O Nthotila justificou a decisão com a necessidade de preservar a reserva e a confiança no âmbito dos programas específicos que tem desenvolvido.
Ao fazer o balanço dos quatro anos desde que assumiu o título de Rei, Nthotila TadiDiambuisu considerou os resultados “fortemente justos e extravagantemente maravilhosos”.
“Estamos a fazer o nosso trabalho com justiça e equidade, não invadimos o tempo de ninguém e todos os que tentaram invadir o nosso tempo foram travados pelos Seres Elementares da Justiça” afirmou.
O soberano afirmou ainda que a sua liderança resistiu às pressões e que os objectivos definidos foram alcançados e que, actualmente, muitas pessoas passaram a obedecer à sua liderança “de forma consciente e inconsciente”.

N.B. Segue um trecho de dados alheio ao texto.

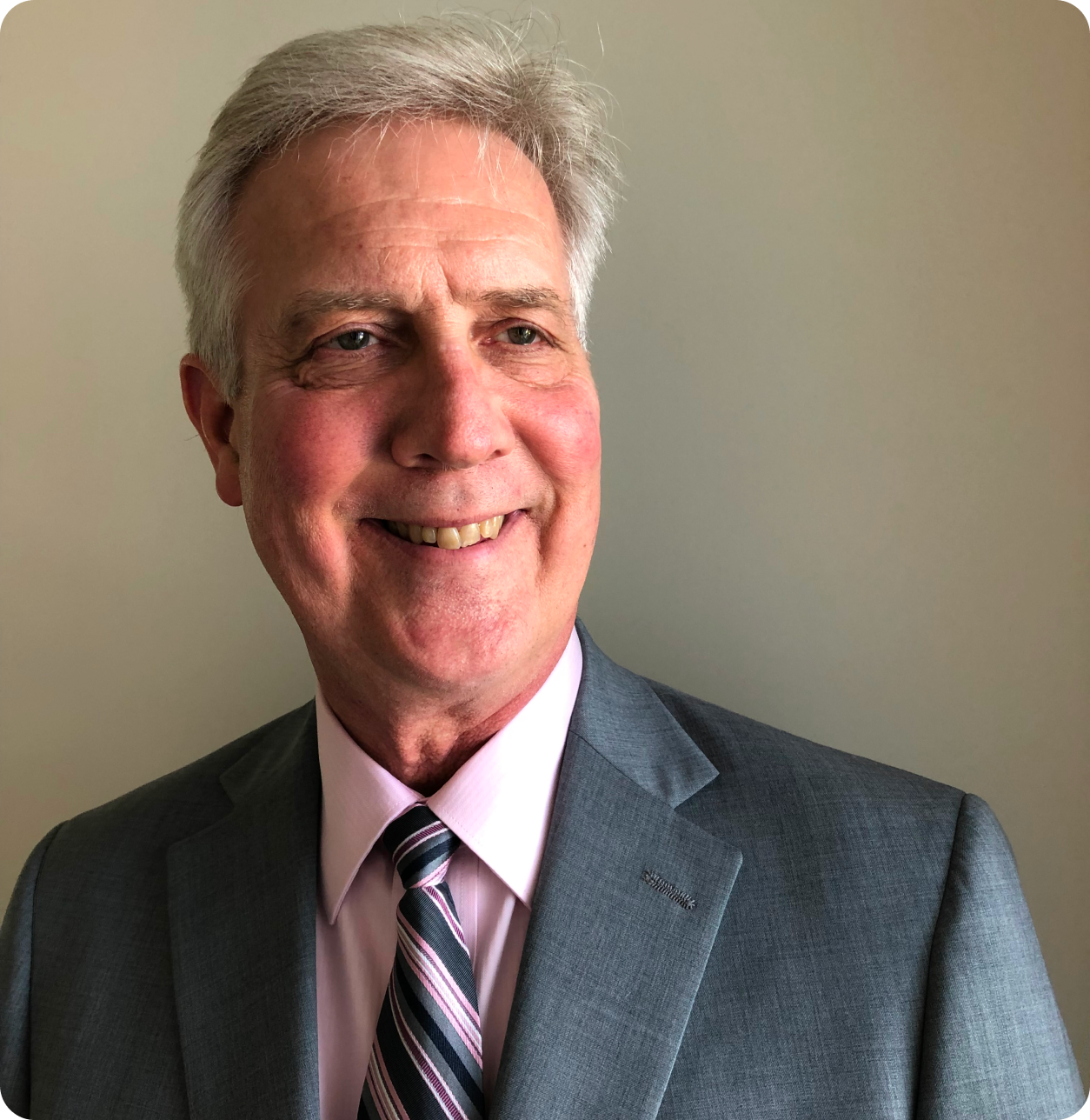 Smiling man in gray suit and pink shirt.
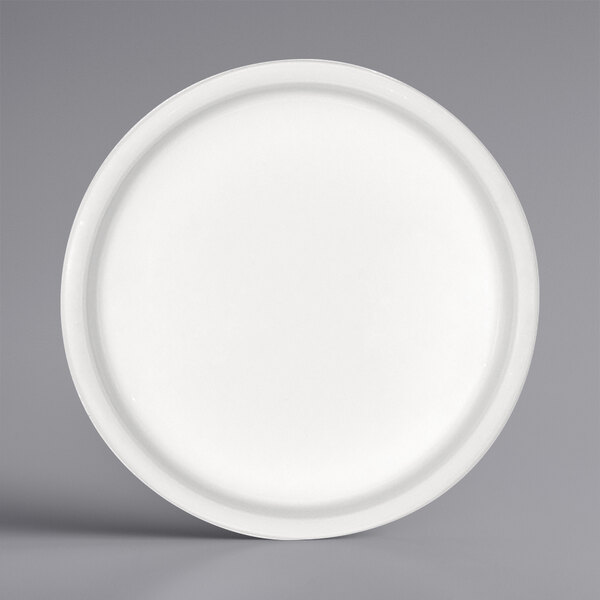 A Bauscher bright white porcelain sauce dish with a white border.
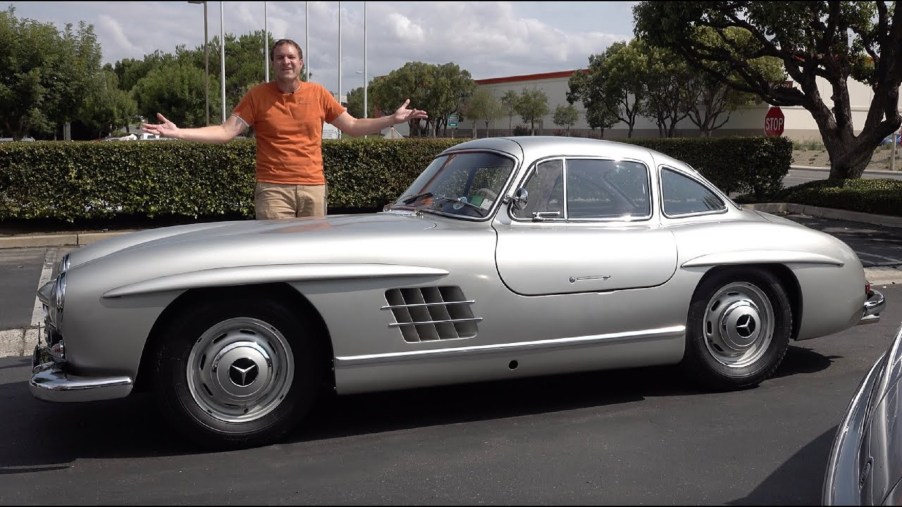 Doug DeMuro with a silver 1954 Mercedes 300SL Gullwing coupe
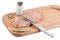 Piece raw pork, knife and spices on wooden board isolated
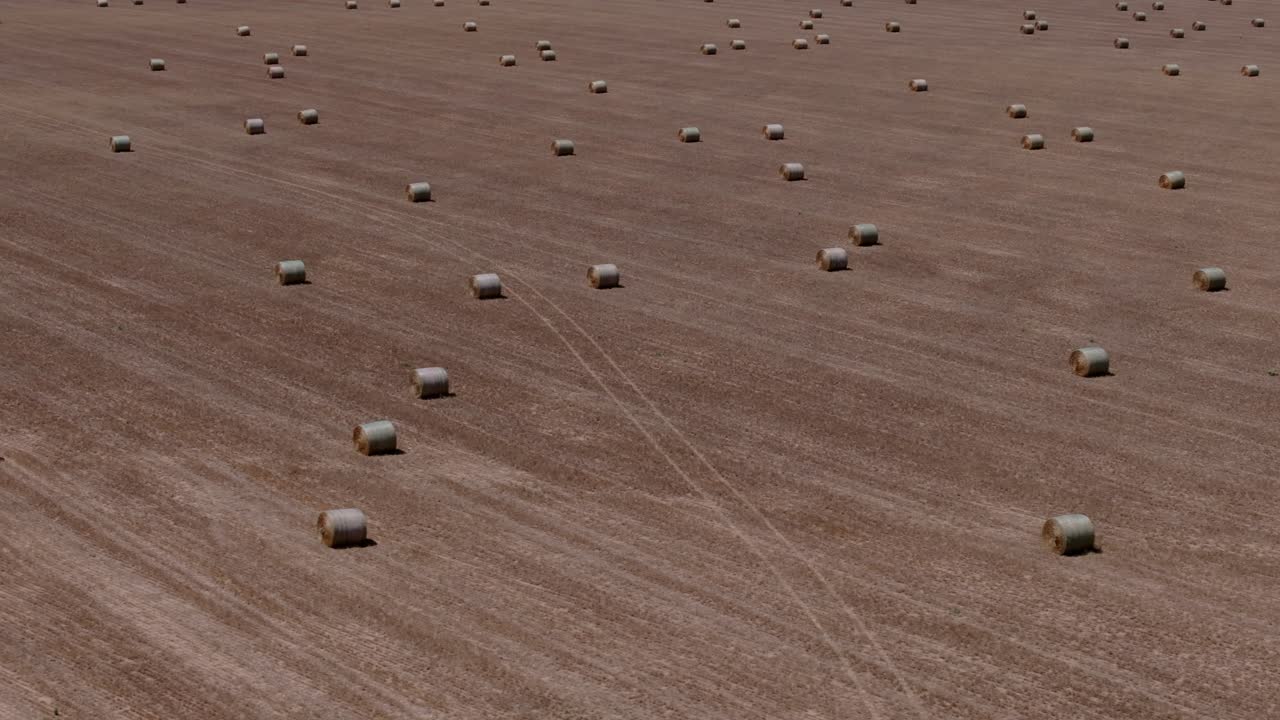 Aerial farmland background with hay bales and wide open space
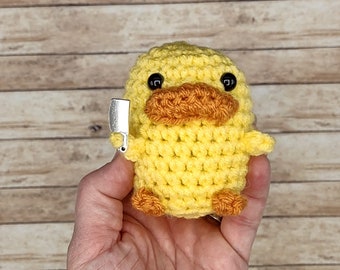 Crocheted mini duck with knife, stuffed animal, plushie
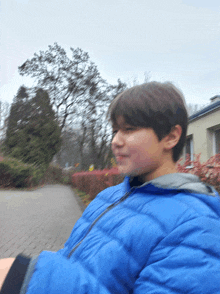 a young boy wearing a blue jacket is walking down a street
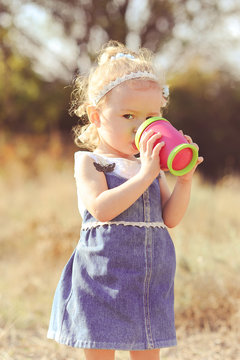 Baby Girl 2-3 Year Old Drinking Water From Plastic Cup Outdoors. Wearing Stylish Denim Dress. Childhood.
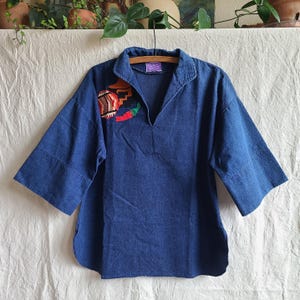 May include: A dark blue denim pullover shirt featuring a V-neckline, wide three-quarter length sleeves, and a curved hem. The upper chest area displays an embroidered patch with a red chili pepper, a striped circular motif, and geometric shapes.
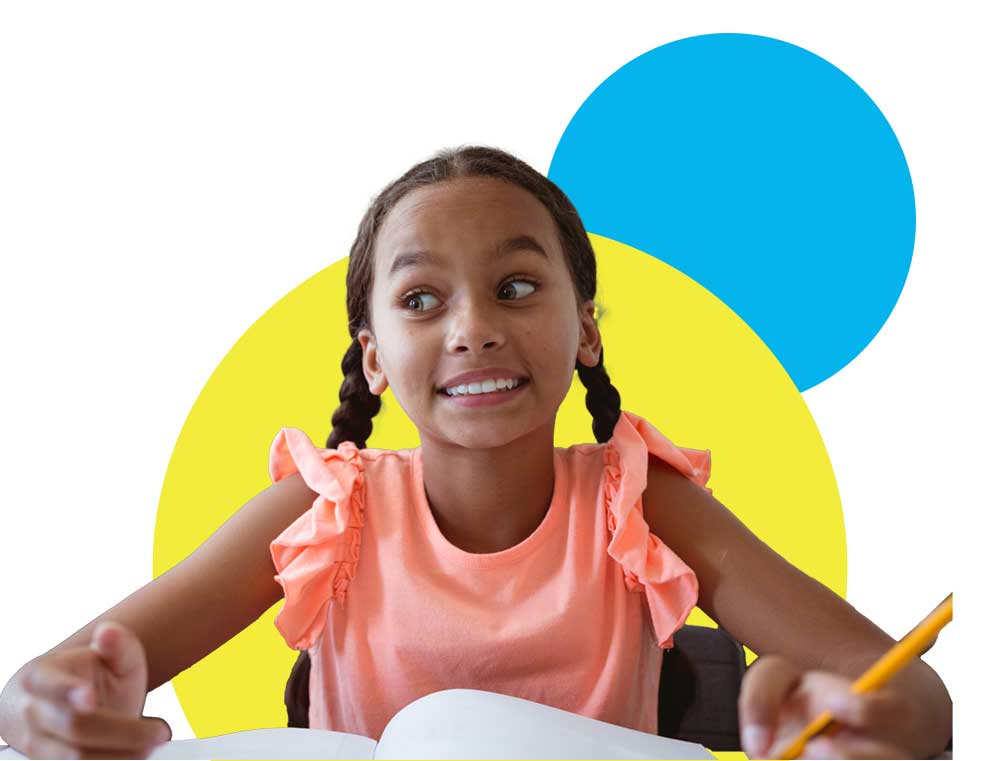 Smiling girl with braids holding a pencil and sitting at a desk with an open notebook, ready to learn.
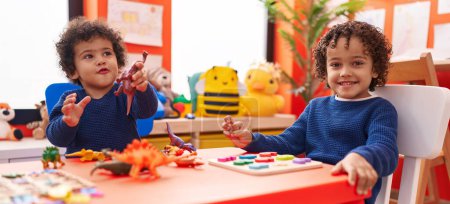 Foto de Adorables niños afroamericanos jugando con el juego de rompecabezas de matemáticas y el juguete de dinosaurio en el jardín de infantes - Imagen libre de derechos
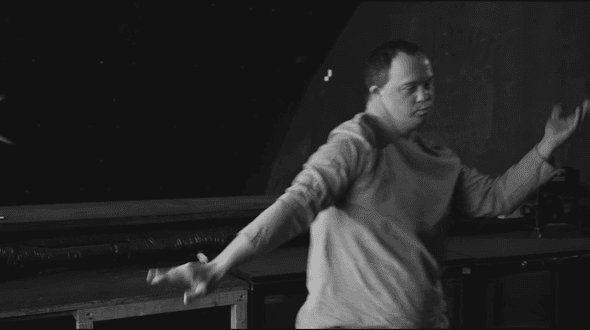This is a black and white image. Captured in a deserted bar or commercial kitchen. Viewed from the waist up, a lone dancer stands just the right of centre, his arms are out to both sides, and out of focus as he moves through his dance.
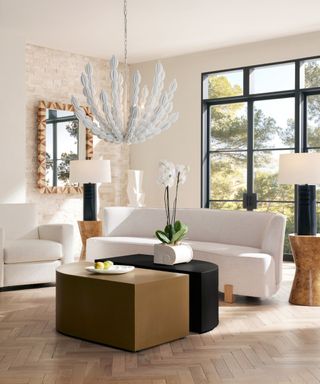 White living room with large statement pendant lamp, large black table lamps and parquet floors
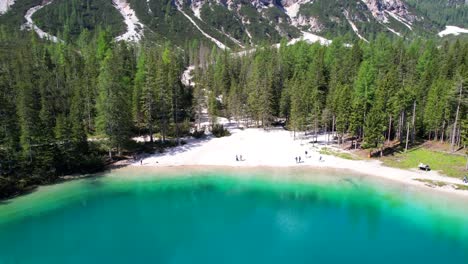 small beach with people under croda del becco mountain in lago di braies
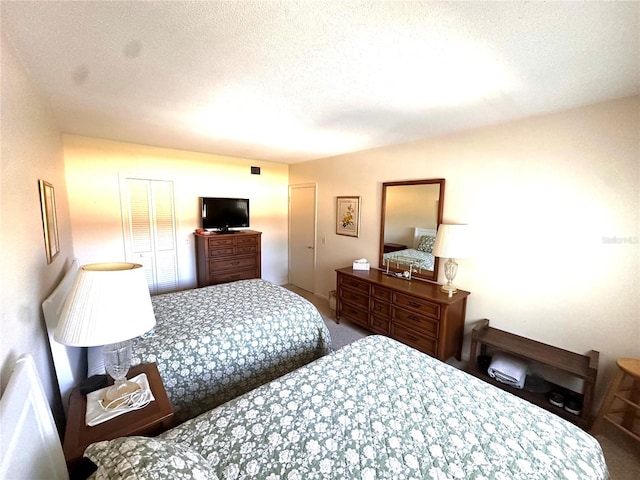 bedroom featuring a textured ceiling and carpet floors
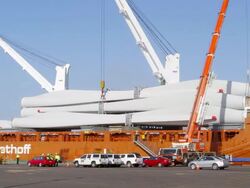 MS T/L Shot of Cranes lifting giant wind turbine blades off container ship / Macarthur, Victoria, Australia Stock Footage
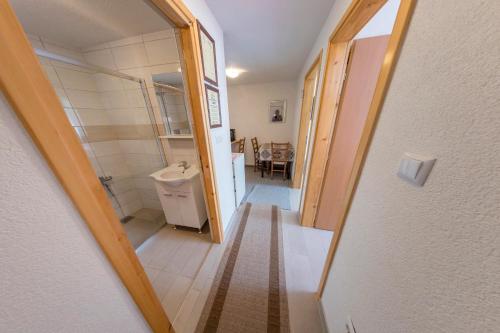 einen Flur, der zu einem Bad mit einem Waschbecken führt in der Unterkunft Apartment Resaa in Bihać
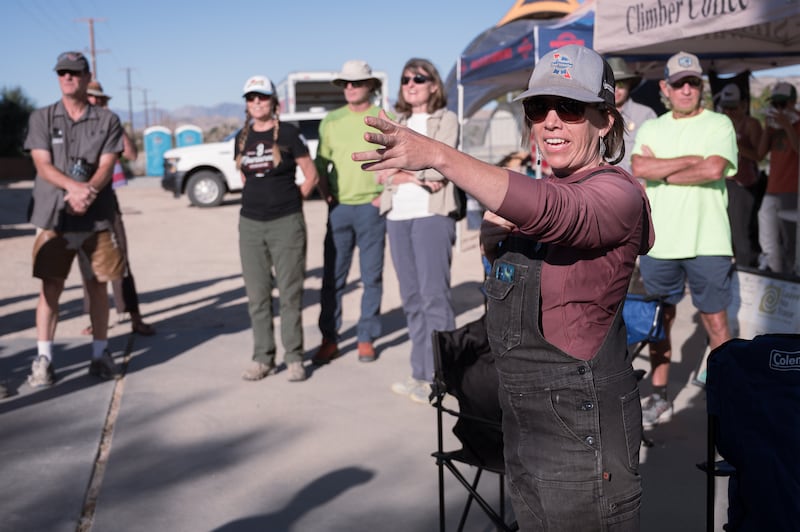 Sabra Purdy, the owner of Cliffhanger Guides, a climbing guide service at Joshua Tree National Park, directs volunteers to their respective teams. 80 volunteers were spread across Hidden Valley, Yucca Valley and 29 Palms to clean up trash and graffiti. (Photo by Michael Chow)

Na entrevista, fez também referência ao crescimento daquilo que denomina Kongolinidade e Africanidade dos Ba’Ntu na região dos Grandes Lagos e em Kongola, em particular.
Para os próximos anos, o Nthotila garantiu que pretende continuar a trabalhar sem “distracções” e sem ceder a pressões externas.
Defendeu ainda a preservação da identidade como elemento fundamental para a ligação dos povos aos seus territórios e culturas.
“Nós já temos a verdadeira identidade, que é o único elemento que nos cederá a cobertura territorial e geográfica, pois, cada terra foi codificada para um certo tipo de identidade e cultura, nós somos BaKongo” finalizou.